Opini : Pinnur Selalau
Masalah banjir di Kota ini hingga saat ini belum juga bisa diatasi, padahal masalah tersebut setiap menjelang pemilu maupun pilkada menjadi isu yang paling sexy dan menjadi alat politik bagi caleg maupun cakada untuk menarik simpati masyarakat untuk melabuhkan pilihan pada mereka.
Berbagai janji maupun solusi untuk mengatasi masalah banjir di kota ini selalu diungkapkan kepada masyarakat melalui visi dan misi saat kampanye untuk merebut hati rakyat agar memilih mereka baik sebagai caleg maupun cakada saat pemungutan suara tiba.
Saat menjelang pemilu maupun pilkada sangat rajin turun ke bawah menyambangi warga dari rumah ke rumah, dari RT satu ke RT yang lainnya dan tiada hari tanpa menemui warga guna menyerap aspirasi dan harapan masyarakat serta menawarkan berbagai program dan solusi dalam mengatasi berbagai permasalahan yang ada pada masyarakat.
Ironisnya, setelah pemilu maupun pilkada usai, mereka yang tadinya rajin turun ke masyarakat untuk mendengarkan dan menyerap aspirasi masyarakat, kini hilang bak ditelan bumi dan seolah tidak mau tahu dengan apa yang sedang terjadi dan dialami oleh masyarakat.

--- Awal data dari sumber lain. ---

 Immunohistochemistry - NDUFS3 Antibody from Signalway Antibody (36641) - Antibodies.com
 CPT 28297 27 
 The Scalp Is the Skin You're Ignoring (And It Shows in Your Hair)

Janji-janji politik mereka kepada masyarakat beberapa tahun yang lalu hanya tinggal janji, teori dan solusi untuk mengatasi banjir yang mereka sampaikan saat kampanye beberapa tahun yang lalu hingga saat ini tidak juga terealisasikan.

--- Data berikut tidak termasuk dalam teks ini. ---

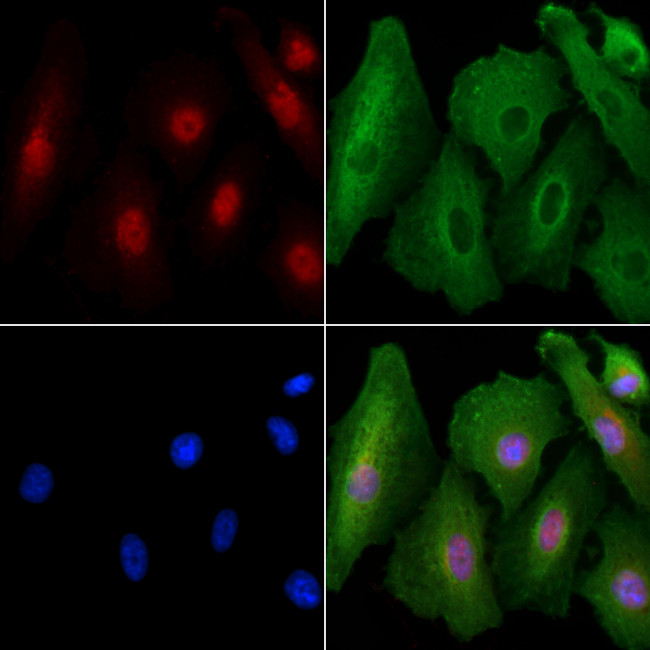 AMPK alpha-2 Antibody in Immunocytochemistry (ICC/IF)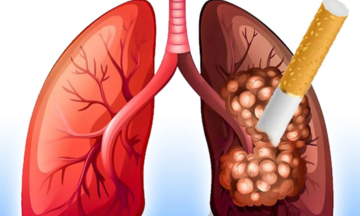 Thuốc lá: Thủ phạm gây bệnh phổi tắc nghẽn mạn tính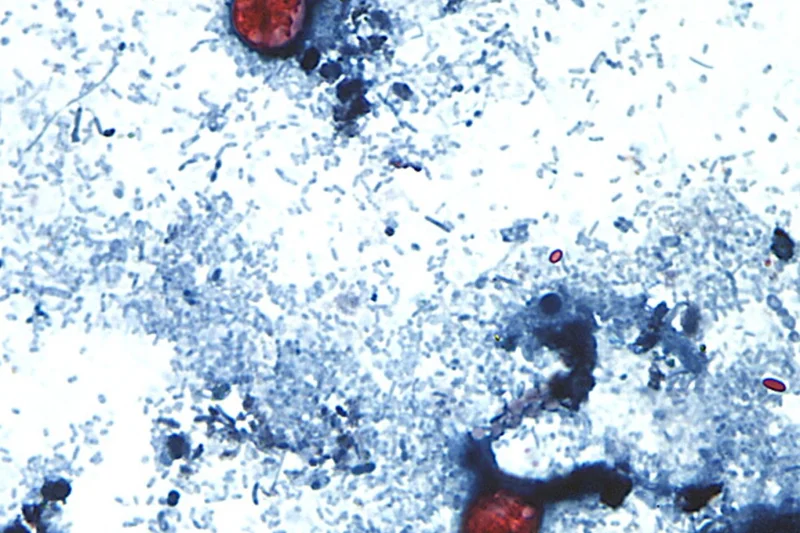 Taylor Farms recalls lettuce shipped to 27 states over cyclospora risk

Penulis jadi teringat penggalan lagu Ebiet G Ade “Mungkin Tuhan mulai bosan melihat tingkah kita yang selalu salah dan bangga dengan Dosa-dosa”. Penggalan lagu tersebut mungkin ada benarnya, kita salah dalam memilih pemimpin dan kita berdosa karena telah mempercayakan hak politik kita kepada orang yang salah.
Atau bisa jadi sesuai dengan penggalan bait lagu berikutnya, ” Atau alam mulai bosan bersahabat dengan kita.. Coba kita bertanya pada rumput yang bergoyang” kata Ebiet G Ade.
Yang jadi masalah nya sekarang rumput yang akan kita tanya sudah tidak bergoyang karena tidak ada lagi, sebagian besar sudah dibabat habis dan berubah menjadi area perumahan dan komersial.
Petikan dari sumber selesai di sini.